Nutrient to Know: Quercetin
This lesser-known nutrient is becoming more mainstream. Find out if quercetin is plentiful in your daily diet.
Quercetin is classified as a bioflavinoid, a plant substance with important physiological qualities. It's plentiful in a wide variety of foods but has become increasingly popular in supplement form. But buyer beware: Large doses from supplements may be unsafe and cause kidney damage.

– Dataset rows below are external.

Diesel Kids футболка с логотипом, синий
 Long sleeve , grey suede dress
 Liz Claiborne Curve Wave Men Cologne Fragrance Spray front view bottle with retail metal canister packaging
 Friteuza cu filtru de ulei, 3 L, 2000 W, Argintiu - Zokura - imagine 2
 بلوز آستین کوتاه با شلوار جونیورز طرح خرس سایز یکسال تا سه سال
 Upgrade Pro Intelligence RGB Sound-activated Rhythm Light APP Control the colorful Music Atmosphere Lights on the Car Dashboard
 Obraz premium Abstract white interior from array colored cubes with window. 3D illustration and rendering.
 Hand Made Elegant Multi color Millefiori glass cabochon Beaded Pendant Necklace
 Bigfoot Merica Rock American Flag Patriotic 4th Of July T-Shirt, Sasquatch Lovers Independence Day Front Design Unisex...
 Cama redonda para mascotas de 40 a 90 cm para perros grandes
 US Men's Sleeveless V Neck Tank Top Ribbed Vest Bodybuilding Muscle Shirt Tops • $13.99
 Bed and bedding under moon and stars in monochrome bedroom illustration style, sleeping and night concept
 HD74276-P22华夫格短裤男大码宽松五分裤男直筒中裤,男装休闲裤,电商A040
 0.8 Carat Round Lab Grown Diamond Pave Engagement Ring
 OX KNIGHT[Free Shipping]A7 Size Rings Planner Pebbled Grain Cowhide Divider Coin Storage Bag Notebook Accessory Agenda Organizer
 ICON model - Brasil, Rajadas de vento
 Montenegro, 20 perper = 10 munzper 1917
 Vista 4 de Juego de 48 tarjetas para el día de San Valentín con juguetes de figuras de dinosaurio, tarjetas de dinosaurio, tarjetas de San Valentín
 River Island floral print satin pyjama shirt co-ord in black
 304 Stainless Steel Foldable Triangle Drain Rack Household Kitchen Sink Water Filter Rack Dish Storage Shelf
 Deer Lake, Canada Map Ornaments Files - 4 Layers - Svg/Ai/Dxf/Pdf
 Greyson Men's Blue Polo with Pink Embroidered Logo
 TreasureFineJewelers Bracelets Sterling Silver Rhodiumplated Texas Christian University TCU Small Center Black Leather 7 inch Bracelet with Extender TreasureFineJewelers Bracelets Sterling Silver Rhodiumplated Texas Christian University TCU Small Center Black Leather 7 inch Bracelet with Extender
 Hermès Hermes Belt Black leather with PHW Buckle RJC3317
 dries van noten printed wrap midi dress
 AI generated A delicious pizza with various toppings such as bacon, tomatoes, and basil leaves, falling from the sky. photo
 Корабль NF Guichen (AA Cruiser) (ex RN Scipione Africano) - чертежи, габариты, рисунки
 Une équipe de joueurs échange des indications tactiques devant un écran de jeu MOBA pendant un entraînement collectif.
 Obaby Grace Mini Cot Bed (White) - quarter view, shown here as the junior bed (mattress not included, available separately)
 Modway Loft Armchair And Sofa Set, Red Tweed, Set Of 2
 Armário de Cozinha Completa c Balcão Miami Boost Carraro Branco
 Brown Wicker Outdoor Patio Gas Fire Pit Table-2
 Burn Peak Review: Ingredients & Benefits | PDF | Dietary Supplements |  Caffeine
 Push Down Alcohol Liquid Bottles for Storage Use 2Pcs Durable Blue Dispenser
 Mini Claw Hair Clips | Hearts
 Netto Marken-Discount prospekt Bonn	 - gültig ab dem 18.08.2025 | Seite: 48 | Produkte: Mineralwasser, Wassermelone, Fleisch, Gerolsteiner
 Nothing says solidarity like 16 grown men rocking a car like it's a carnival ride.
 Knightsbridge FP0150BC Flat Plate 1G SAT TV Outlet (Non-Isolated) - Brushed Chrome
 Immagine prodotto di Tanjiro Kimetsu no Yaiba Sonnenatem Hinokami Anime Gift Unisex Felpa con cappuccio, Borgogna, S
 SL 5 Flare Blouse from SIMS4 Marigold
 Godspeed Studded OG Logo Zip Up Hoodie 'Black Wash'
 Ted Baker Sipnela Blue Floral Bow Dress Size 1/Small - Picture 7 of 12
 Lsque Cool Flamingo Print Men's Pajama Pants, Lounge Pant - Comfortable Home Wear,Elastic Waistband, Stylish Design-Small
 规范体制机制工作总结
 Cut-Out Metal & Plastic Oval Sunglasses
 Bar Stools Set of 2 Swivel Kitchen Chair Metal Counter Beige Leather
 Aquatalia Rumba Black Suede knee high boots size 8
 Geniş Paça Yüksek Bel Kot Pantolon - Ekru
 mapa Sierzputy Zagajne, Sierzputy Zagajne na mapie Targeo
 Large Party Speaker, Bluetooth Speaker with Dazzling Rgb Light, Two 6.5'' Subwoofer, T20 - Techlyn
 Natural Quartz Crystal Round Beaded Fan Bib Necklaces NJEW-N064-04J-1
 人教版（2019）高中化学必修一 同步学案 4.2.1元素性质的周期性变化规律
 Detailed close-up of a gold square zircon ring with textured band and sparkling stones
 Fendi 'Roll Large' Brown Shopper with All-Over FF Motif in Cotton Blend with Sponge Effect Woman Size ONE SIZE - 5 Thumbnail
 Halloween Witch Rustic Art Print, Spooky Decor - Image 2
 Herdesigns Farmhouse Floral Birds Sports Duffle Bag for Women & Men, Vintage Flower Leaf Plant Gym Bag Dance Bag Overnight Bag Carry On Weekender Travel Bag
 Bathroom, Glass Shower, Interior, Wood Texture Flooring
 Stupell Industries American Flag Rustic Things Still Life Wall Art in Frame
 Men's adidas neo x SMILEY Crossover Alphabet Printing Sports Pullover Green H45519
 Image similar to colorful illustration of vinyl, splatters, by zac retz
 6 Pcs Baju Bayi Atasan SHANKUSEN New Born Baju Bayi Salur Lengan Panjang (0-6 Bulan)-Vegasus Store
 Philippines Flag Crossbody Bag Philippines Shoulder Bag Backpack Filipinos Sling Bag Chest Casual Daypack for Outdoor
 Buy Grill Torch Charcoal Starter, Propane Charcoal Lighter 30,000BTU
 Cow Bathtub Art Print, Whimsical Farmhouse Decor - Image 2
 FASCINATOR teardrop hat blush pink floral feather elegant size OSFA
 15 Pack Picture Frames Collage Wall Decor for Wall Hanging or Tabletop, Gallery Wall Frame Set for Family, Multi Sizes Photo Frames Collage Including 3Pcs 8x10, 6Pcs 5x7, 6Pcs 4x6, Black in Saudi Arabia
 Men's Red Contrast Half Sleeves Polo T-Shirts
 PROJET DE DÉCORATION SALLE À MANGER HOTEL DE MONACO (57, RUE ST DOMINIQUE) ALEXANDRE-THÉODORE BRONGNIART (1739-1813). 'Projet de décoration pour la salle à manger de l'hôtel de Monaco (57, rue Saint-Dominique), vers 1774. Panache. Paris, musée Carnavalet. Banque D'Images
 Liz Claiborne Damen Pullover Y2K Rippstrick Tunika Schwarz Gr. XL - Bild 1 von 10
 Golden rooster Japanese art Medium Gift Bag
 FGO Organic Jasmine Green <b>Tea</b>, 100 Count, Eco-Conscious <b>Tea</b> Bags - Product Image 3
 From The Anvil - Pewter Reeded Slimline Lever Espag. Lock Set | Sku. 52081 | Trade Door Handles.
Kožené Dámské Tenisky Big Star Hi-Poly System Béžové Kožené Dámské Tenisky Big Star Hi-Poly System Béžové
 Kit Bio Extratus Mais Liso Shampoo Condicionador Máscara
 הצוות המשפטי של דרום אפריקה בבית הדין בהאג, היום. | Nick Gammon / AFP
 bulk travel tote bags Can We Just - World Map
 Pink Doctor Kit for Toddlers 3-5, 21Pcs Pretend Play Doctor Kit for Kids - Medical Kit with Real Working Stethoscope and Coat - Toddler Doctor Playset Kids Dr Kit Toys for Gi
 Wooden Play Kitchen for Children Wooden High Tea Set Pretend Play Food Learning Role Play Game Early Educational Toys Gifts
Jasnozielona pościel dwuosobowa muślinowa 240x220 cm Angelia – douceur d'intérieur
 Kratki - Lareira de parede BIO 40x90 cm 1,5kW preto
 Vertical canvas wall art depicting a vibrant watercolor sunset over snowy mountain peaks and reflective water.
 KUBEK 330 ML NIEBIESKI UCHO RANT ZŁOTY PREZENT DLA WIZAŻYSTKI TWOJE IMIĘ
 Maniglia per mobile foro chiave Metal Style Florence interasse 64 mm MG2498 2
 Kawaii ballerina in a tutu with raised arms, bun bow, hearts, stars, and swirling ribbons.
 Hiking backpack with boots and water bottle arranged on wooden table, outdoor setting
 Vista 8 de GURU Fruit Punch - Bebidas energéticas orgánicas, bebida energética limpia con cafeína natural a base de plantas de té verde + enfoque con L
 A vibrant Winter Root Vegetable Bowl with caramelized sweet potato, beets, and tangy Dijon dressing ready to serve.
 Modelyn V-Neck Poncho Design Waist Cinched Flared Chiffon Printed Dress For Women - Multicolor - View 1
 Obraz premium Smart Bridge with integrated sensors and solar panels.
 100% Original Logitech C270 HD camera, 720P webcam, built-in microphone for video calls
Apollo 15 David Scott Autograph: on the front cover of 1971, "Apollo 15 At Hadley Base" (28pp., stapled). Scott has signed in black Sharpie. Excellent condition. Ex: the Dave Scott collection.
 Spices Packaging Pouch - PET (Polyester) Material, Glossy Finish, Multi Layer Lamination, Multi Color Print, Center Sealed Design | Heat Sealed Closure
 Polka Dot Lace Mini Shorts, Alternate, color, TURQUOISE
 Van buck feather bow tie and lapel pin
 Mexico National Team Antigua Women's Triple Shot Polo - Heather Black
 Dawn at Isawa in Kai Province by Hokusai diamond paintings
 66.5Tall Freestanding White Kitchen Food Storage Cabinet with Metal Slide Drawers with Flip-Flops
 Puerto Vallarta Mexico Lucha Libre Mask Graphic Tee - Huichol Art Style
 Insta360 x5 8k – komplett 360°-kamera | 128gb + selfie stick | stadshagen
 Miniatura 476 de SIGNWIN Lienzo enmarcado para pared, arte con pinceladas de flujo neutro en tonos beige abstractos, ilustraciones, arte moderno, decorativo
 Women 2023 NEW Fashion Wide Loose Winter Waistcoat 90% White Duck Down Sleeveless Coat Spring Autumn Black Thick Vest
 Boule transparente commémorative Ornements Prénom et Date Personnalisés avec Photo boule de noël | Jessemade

Quercetin acts as an anti-inflammatory and a cell-protecting antioxidant. Research has also found that it may help protect heart function and prevent certain types of cancer. A study from 1999 found some evidence to support that quercetin may help to alleviate pain and swelling associated with prostate swelling in men. A handful of dietary supplements marketed to athletes include this bioflavinoid, but there's not enough scientific evidence to back up that it will enhance performance. That said, getting extra antioxidants from food certainly won't hurt.
Quercetin can be found in fruits like berries and apples, and vegetables like kale, onion, broccoli, radishes and green beans. It can also found in beverages like red wine and tea. Capers, lovage, cocoa powder, chokeberries, elderberry juice and buckwheat are some more unique sources. Quercetin is especially plentiful in the leaves and skins of fruits and veggies so be sure not to peel them away.